The Sea of Fate Storage proposal

The Physical Foundation: Pear and the Archival Array

The practical execution of the Silo Strategy is anchored by the physical hardware of the host Pear. While the broader project is conceptualized as a "Digital Silo," its survival depends on the specific storage characteristics of this machine. By utilizing a multi-tiered storage approach on Pear, we create a system that can simultaneously handle high-speed data ingestion and long-term bit-perfect preservation.

Proxmox and the ZFS Advantage

Pear operates on the Proxmox virtualization platform, which provides native integration with the ZFS file system. For an archival project, ZFS is the essential choice due to its self-healing nature. Unlike traditional RAID, ZFS uses end-to-end checksums to detect and automatically repair "bit rot"—the silent corruption of data that can occur over years of storage. On Pear, this ensures that the 2025 baseline remains an exact, unaltered copy of the human-primary web.

The High-Capacity Vault: IronWolf RaidZ1

The "heavy lifting" of the silo is performed by a dedicated pool of three 16TB Seagate IronWolf drives configured in RaidZ1.

  • Capacity and Redundancy: This configuration provides approximately 32TB of usable archival space while allowing the system to survive the total failure of any single drive without data loss.

  • Optimized for Archives: The IronWolf series is specifically engineered for 24/7 NAS environments, featuring rotational vibration sensors that maintain performance in multi-drive arrays. This pool is designated as the permanent home for large-scale ZIM files and scholarly snapshots.
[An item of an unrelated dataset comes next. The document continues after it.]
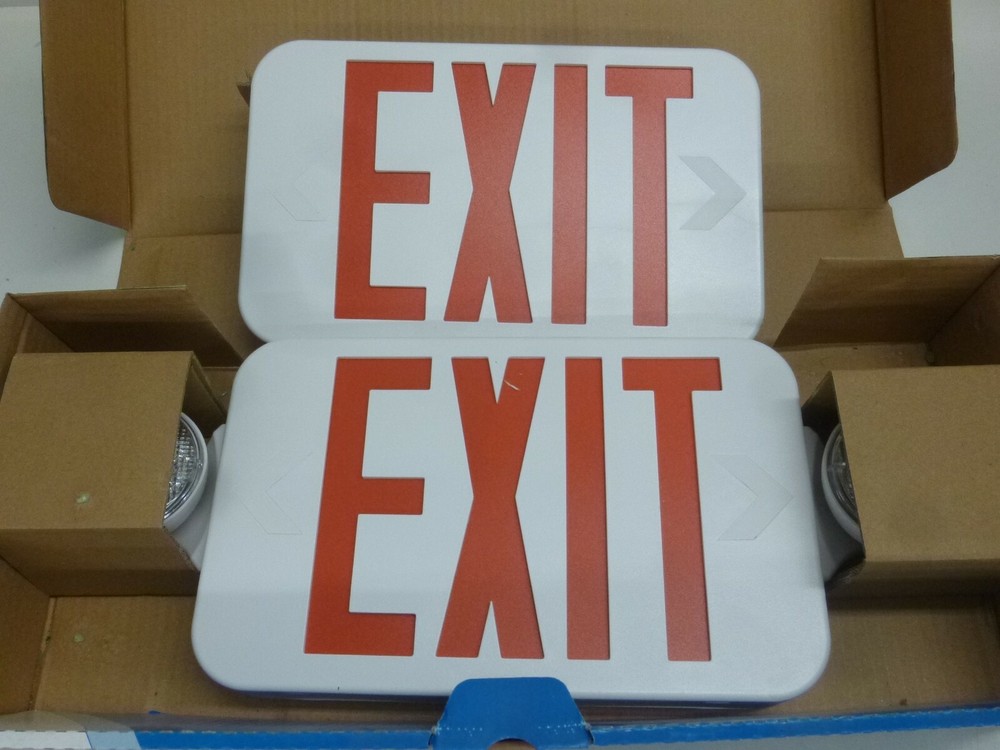NEW! COMPASS, 1 or 2 Face LED Exit Sign with Emergency Lights,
The Ingestion Pipeline: SSD Scratch and Rpool

To maintain the efficiency of the silo, the hardware is partitioned to separate "working" data from "archived" data.

  • The Scratch Disk (1TB SATA SSD): This disk serves as the primary ingestion point. Large-scale downloads and data extractions are high-intensity operations that can bottleneck mechanical drives. By using the 1TB SSD as a "scratch" area, the system can rapidly ingest, verify, and decompress data before moving the finalized, "clean" archives to the IronWolf vault.

  • The Rpool is a mirrored pair of 4TB  SSDs. The primary system pool hosts the Proxmox environment and the virtual machines. Keeping the operating systems on this separate, high-speed pool ensures that the management layer remains responsive even when the archival pool is under heavy load. although the SSDs are not especially high reliability they should last for a reasonable length of time if the amount of data written is kept fairly small and as they have 4 TB available they should stay well within their total data written

Hardware-Level Cognitive Sovereignty

By keeping this entire stack—from the ZFS checksums on the IronWolf drives to the high-speed processing on the SSDs—within the local home lab, the project achieves true independence. The information is not a "service" provided by a third party; it is a physical asset. This hardware-level sovereignty is the final layer of defense against the "flattening" and "washing" of the digital world, providing a local, immutable ground truth that exists outside the reach of the live web's volatility.

ZFS on Proxmox: Performance and Efficiency Best Practices

This video provides an in-depth look at how ZFS operates within Proxmox, covering the essential tuning and design choices that ensure long-term data integrity for large-scale archival pools like ours.

Processing Constraints and the Data-First Mandate

A significant challenge in the current phase of the project is the disparity between data acquisition and computational power. While the home lab is equipped for high-capacity storage, the hardware required for large-scale AI training—specifically high-vRAM GPU clusters—remains a significant bottleneck. However, the Silo Strategy dictates that the "fuel" (data) is more perishable than the "engine" (processing). Therefore, the initial stages are defined by a data-first mandate: we prioritize the collection and preservation of human-primary information now, even if the local capability to process or "train" on that data is not yet fully realized. 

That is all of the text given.